The black T-shirts depict a drawing of a cityscape and men raising their hands as if volunteering.
Violent crime in the city is up17 percent over last year's historically high rates.
The mayor said residents this summer will see more police officers on foot patrols "helping communities."
But Pugh also said: "It's not about having police on every corner in our community. This is about collaboration."
She said she planned to create a program to employ what she called the "squeegee boys" — the Baltimore youths who seeks tips for washing motorists' windshields on city streets.
"They want to be organized. They want to work," Pugh said. "And so we're looking at how do we create these entrepreneurs that keep going in a positive path as opposed to a negative path. As you all know, drug dealers are recruiting as early as 8-year-olds," she said.
Outside the classrooms, leaders of various organizations — such as mentoring programs, the Urban League and the city's employment program — sat at desks promoting their services and answering questions.
Looming over the sessions was the soaring homicide rate.
"We are making history for all the wrong reasons," said City Council member Leon F. Pinkett III. Encouraging community participation, Pinkett said: "I think people forget that law enforcement is only one part of public safety."
Fox called the homicide figures "devastating."
"One of things we've always talked about is we can't rely on the mayor, we can't rely on the Police Department.

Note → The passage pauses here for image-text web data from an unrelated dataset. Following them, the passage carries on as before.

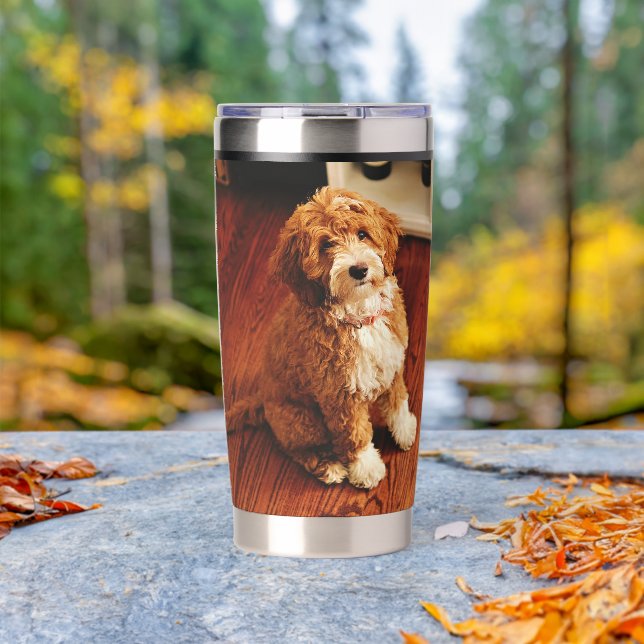 Gourde Isotherme Dog Mom Pet Owner 2 Photos  (En extérieur (pivoté))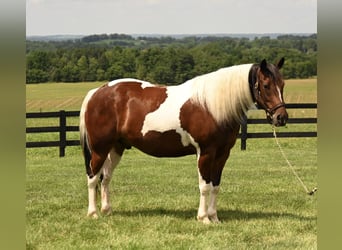American Quarter Horse, Wallach, 5 Jahre, 142 cm, Schecke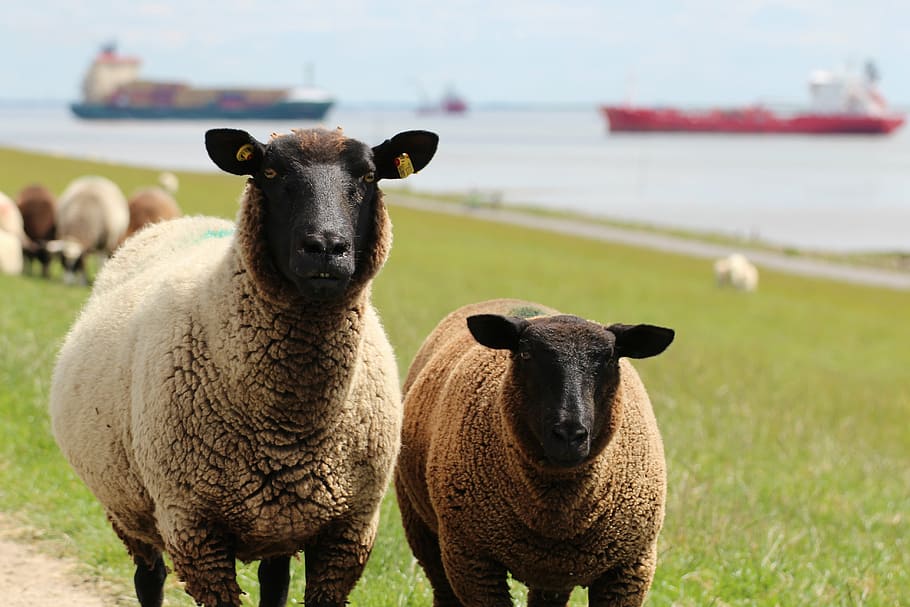 sheep, deichschaf, dike, rest, flock of sheep, animals, farm HD wallpaper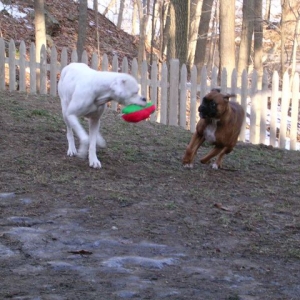 Catch me if you can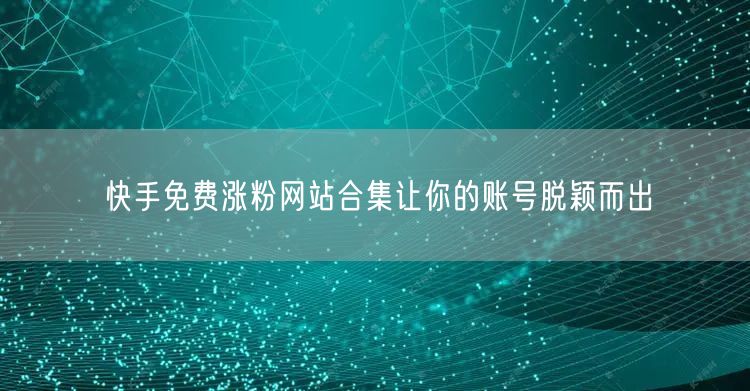 快手免费涨粉网站合集让你的账号脱颖而出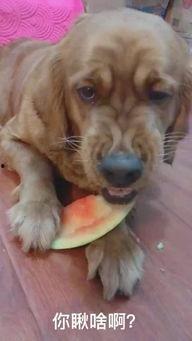 萌猫吃瓜日常,揭秘猫咪的娱乐生活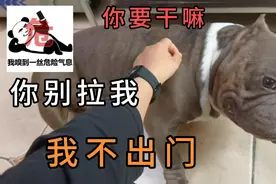 北京37度 恶霸犬出门看一眼风景就往家跑 请把空调给我安到头上视频封面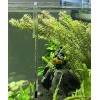 LANDEN Aquarium Thermometer for Rimless 10mm White Scale Background for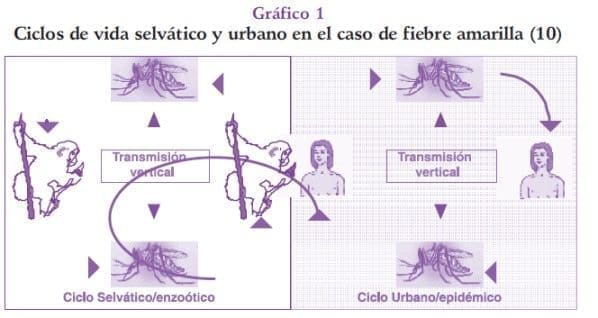 Ciclos de vida selvático y urbano de fiebre amarilla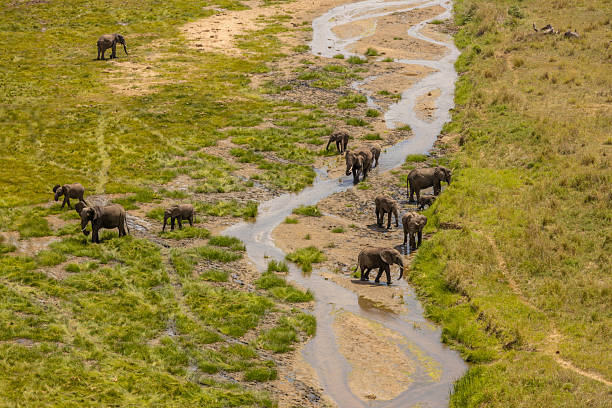  Top Routes in Manyara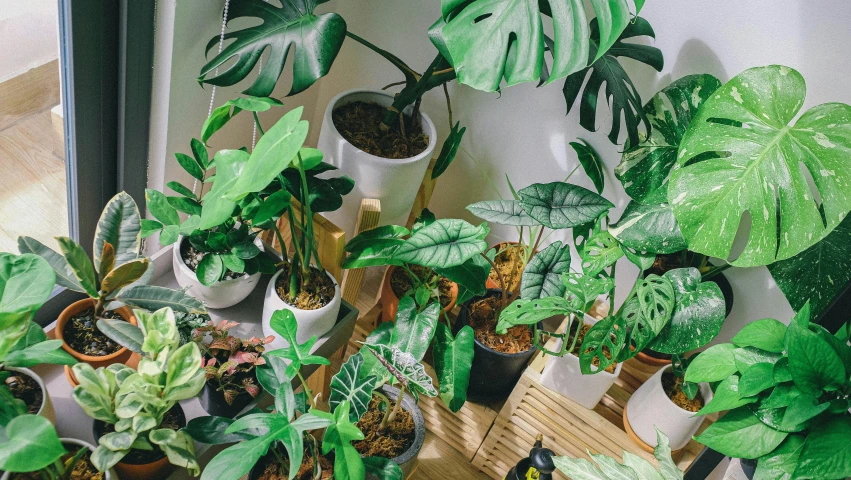 a group of potted plants sitting on top of a wooden table, trending on unsplash, big leaves foliage and stems, lush green, wide high angle view, vivarium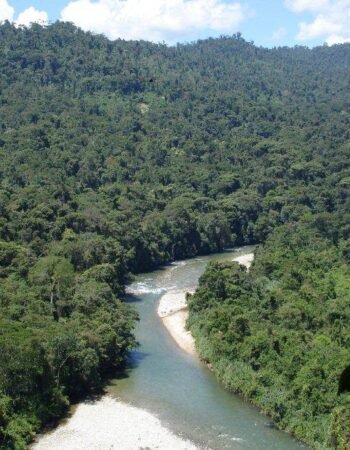 Podocarpus National Park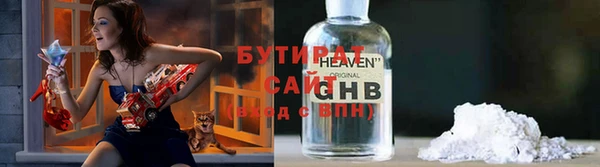 прущие грибы Дмитриев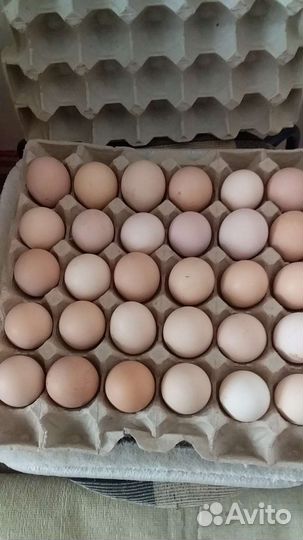 Инкубационное яйцо курочки брама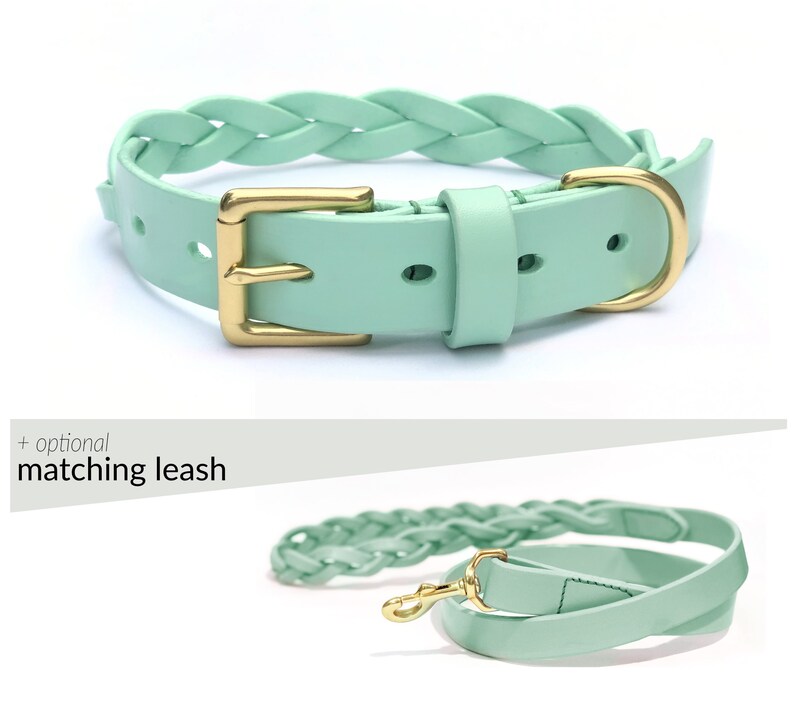 mint green dog collar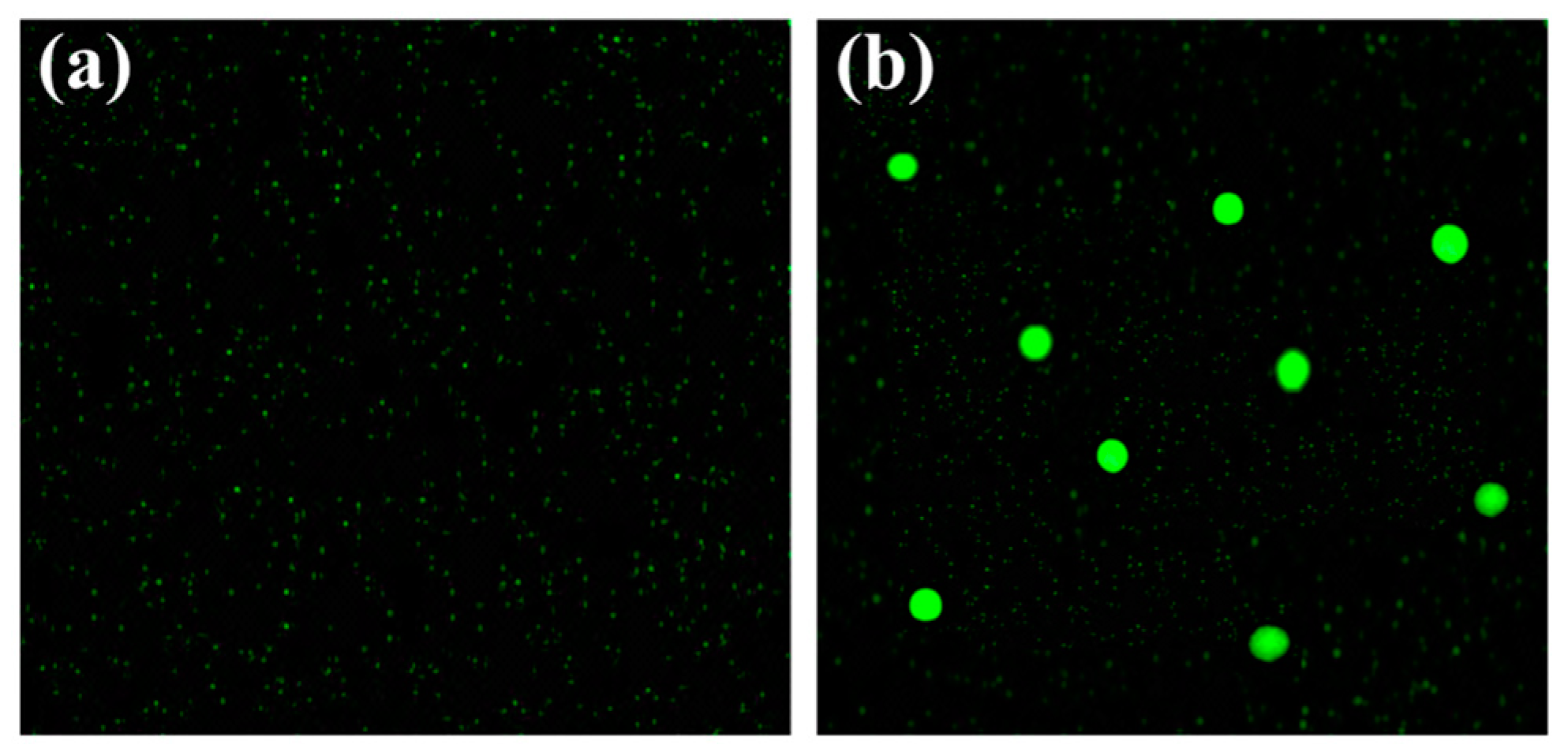 Inorganics 11 00466 g003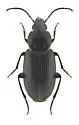 Stenolophus fuliginosus - photo 5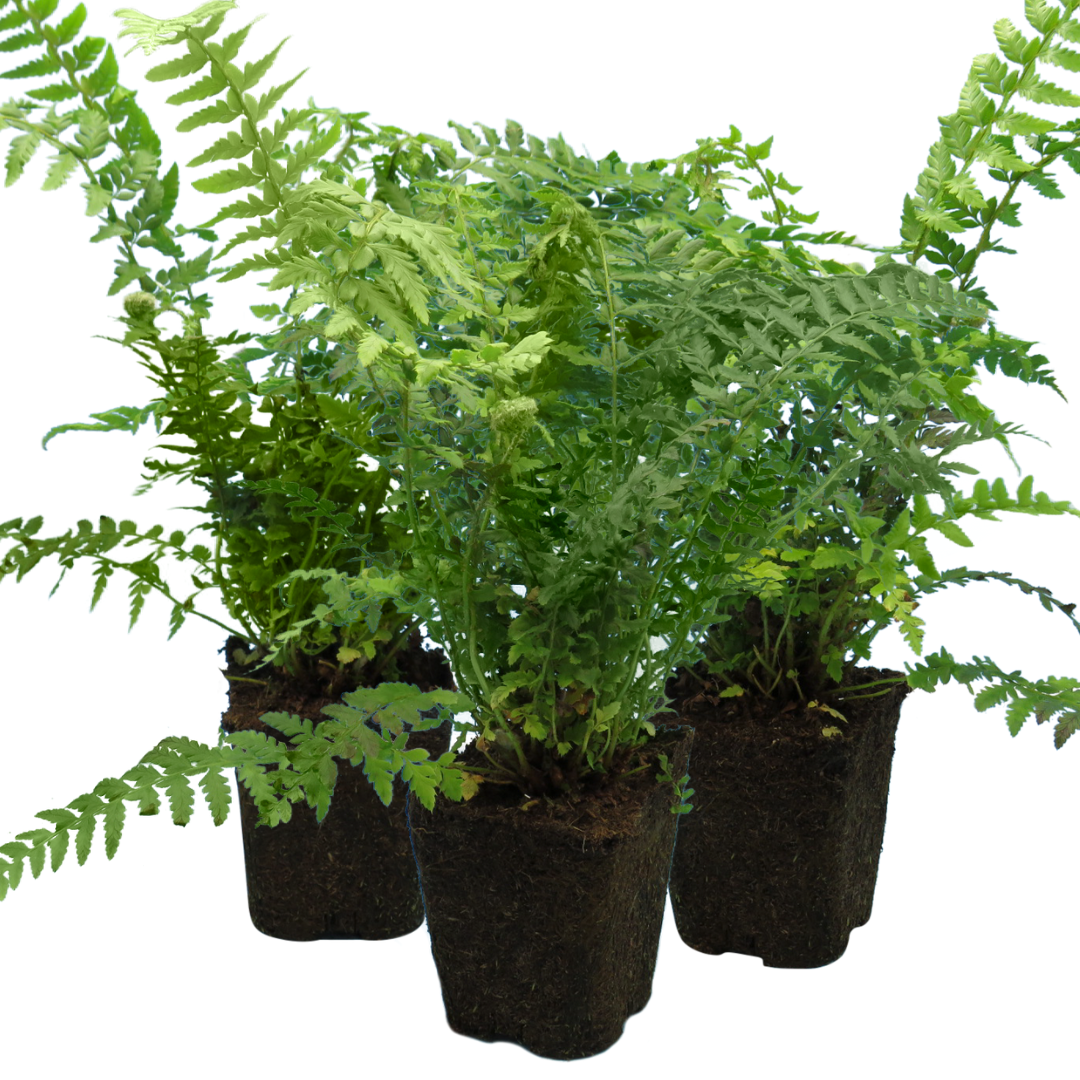 Dryopteris filix-mas (Male Fern) from Cedar Nursery, Cobham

We've got to get out there and roll up our sleeves and be partners."
Many kids, Fox said, "don't have people they can relate to in power, people that they trust. We've got people from former drug dealers to licensed social workers. We feel like we can make that connection without intimidating."
Leandry said it's important to be cognizant of the homicide rate without being fixated on it.
For all of the homicides, he said, there are hundreds of thousands of people "who went to work, who went to school, who went to church. That's the number that I focus on."